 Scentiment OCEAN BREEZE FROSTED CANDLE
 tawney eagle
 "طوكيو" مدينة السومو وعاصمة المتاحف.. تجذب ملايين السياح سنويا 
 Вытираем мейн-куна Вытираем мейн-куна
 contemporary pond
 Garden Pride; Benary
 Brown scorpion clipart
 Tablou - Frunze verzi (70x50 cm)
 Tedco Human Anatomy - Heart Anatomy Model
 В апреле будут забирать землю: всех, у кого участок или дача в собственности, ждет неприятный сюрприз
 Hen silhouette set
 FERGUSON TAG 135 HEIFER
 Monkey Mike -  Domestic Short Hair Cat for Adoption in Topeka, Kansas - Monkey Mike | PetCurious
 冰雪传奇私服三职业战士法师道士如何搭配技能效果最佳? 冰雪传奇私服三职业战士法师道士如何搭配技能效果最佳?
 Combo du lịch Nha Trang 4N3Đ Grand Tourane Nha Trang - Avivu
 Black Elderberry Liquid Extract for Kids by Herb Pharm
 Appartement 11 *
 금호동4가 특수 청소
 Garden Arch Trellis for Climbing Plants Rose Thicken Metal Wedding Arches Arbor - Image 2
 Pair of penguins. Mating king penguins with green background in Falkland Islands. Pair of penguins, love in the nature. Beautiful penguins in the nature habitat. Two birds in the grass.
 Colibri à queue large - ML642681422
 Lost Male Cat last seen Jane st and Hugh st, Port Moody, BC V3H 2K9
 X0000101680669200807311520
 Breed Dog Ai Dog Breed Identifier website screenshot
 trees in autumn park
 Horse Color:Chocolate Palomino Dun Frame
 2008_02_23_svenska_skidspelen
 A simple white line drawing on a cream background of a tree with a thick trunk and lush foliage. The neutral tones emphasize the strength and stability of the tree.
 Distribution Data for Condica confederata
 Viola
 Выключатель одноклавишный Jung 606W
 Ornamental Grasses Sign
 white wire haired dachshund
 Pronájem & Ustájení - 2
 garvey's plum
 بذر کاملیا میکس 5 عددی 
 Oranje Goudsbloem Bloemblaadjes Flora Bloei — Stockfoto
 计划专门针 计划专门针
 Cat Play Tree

————

◆ What this task involves ◆
An exact, complete copy of the records is the expected answer.

◆ Answer section ◆
 Scentiment OCEAN BREEZE FROSTED CANDLE
 tawney eagle
 "طوكيو" مدينة السومو وعاصمة المتاحف.. تجذب ملايين السياح سنويا 
 Вытираем мейн-куна Вытираем мейн-куна
 contemporary pond
 Garden Pride; Benary
 Brown scorpion clipart
 Tablou - Frunze verzi (70x50 cm)
 Tedco Human Anatomy - Heart Anatomy Model
 В апреле будут забирать землю: всех, у кого участок или дача в собственности, ждет неприятный сюрприз
 Hen silhouette set
 FERGUSON TAG 135 HEIFER
 Monkey Mike -  Domestic Short Hair Cat for Adoption in Topeka, Kansas - Monkey Mike | PetCurious
 冰雪传奇私服三职业战士法师道士如何搭配技能效果最佳? 冰雪传奇私服三职业战士法师道士如何搭配技能效果最佳?
 Combo du lịch Nha Trang 4N3Đ Grand Tourane Nha Trang - Avivu
 Black Elderberry Liquid Extract for Kids by Herb Pharm
 Appartement 11 *
 금호동4가 특수 청소
 Garden Arch Trellis for Climbing Plants Rose Thicken Metal Wedding Arches Arbor - Image 2
 Pair of penguins. Mating king penguins with green background in Falkland Islands. Pair of penguins, love in the nature. Beautiful penguins in the nature habitat. Two birds in the grass.
 Colibri à queue large - ML642681422
 Lost Male Cat last seen Jane st and Hugh st, Port Moody, BC V3H 2K9
 X0000101680669200807311520
 Breed Dog Ai Dog Breed Identifier website screenshot
 trees in autumn park
 Horse Color:Chocolate Palomino Dun Frame
 2008_02_23_svenska_skidspelen
 A simple white line drawing on a cream background of a tree with a thick trunk and lush foliage. The neutral tones emphasize the strength and stability of the tree.
 Distribution Data for Condica confederata
 Viola
 Выключатель одноклавишный Jung 606W
 Ornamental Grasses Sign
 white wire haired dachshund
 Pronájem & Ustájení - 2
 garvey's plum
 بذر کاملیا میکس 5 عددی 
 Oranje Goudsbloem Bloemblaadjes Flora Bloei — Stockfoto
 计划专门针 计划专门针
 Cat Play Tree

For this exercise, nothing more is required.